** DATASET follows **

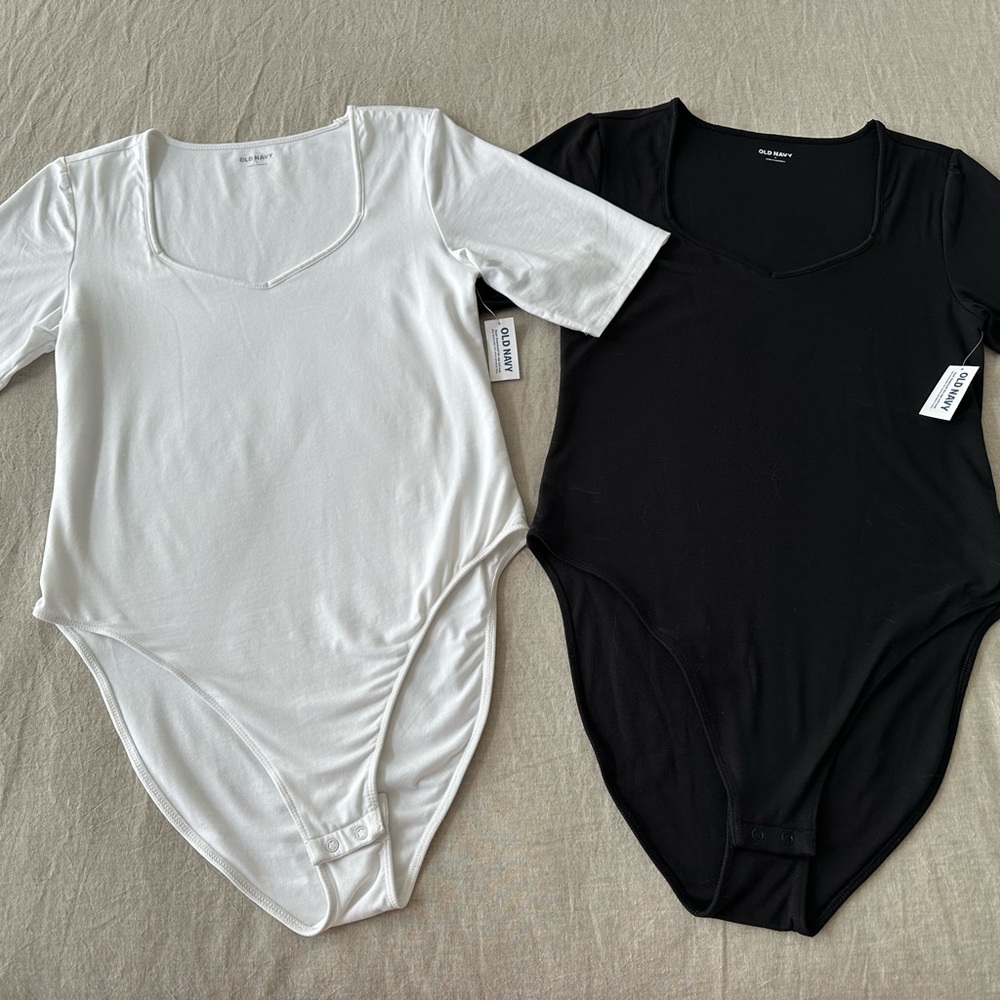 Women's Black and White Bodysuit Set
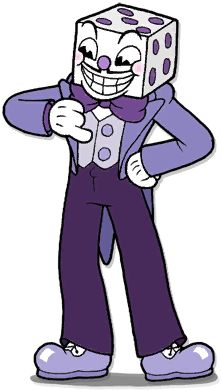 "The little mugs have some fight in'em, I'll say that much! They're makin' mincemeat outta them debtors!" —King Dice to the Devil King Dice is the right-hand man of the Devil and the secondary antagonist of Cuphead. He also serves as a gatekeeper between overworlds, only allowing Cuphead and Mugman to pass when they turn in every contract to him. King Dice, Image King, Beast Creature, Alice Angel, Betty Boop Cartoon, One Piece Ace, Deal With The Devil, Retro Cartoons, Old Cartoons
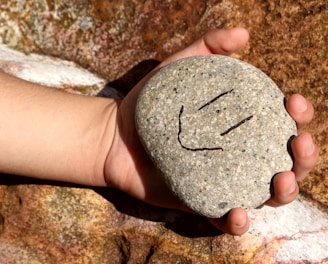 a hand holding a rock with a smiley face drawn on it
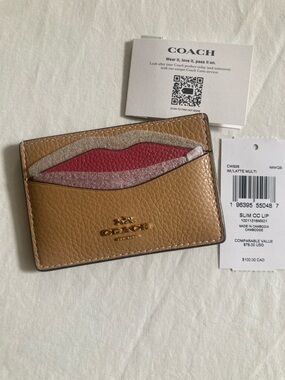 Coach Tan Leather Slim Card Case NWT
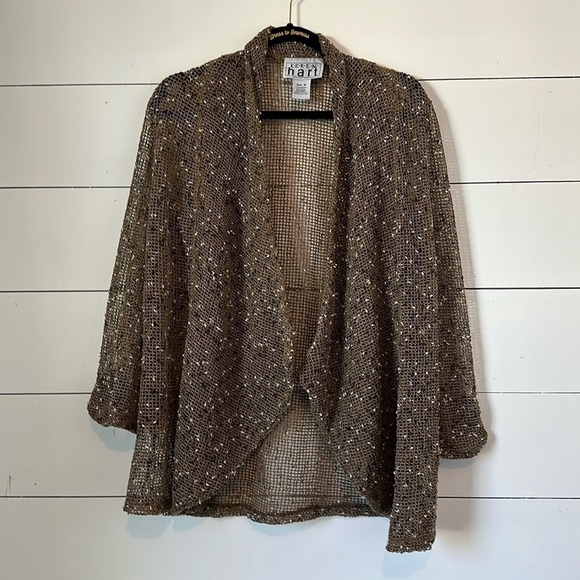 Keren Hart Women’s Gold Metallic Open Cardigan, Size M, Mesh Knit Design - Picture 2 of 7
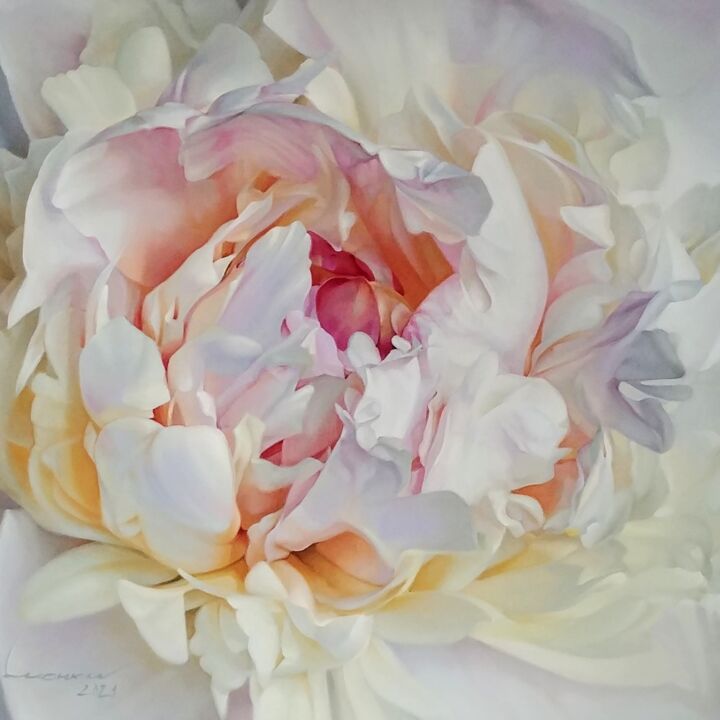 ""White peony"" başlıklı Tablo Vasyl Luchkiv tarafından, Orijinal sanat, Petrol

** End of DATASET **

### ABOUT THIS EXERCISE
With the images omitted, retype the records above exactly.

### SOLUTION TO THE EXERCISE
 Women's Black and White Bodysuit Set
 "The little mugs have some fight in'em, I'll say that much! They're makin' mincemeat outta them debtors!" —King Dice to the Devil King Dice is the right-hand man of the Devil and the secondary antagonist of Cuphead. He also serves as a gatekeeper between overworlds, only allowing Cuphead and Mugman to pass when they turn in every contract to him. King Dice, Image King, Beast Creature, Alice Angel, Betty Boop Cartoon, One Piece Ace, Deal With The Devil, Retro Cartoons, Old Cartoons
 a hand holding a rock with a smiley face drawn on it
 Coach Tan Leather Slim Card Case NWT
 Keren Hart Women’s Gold Metallic Open Cardigan, Size M, Mesh Knit Design - Picture 2 of 7
 ""White peony"" başlıklı Tablo Vasyl Luchkiv tarafından, Orijinal sanat, Petrol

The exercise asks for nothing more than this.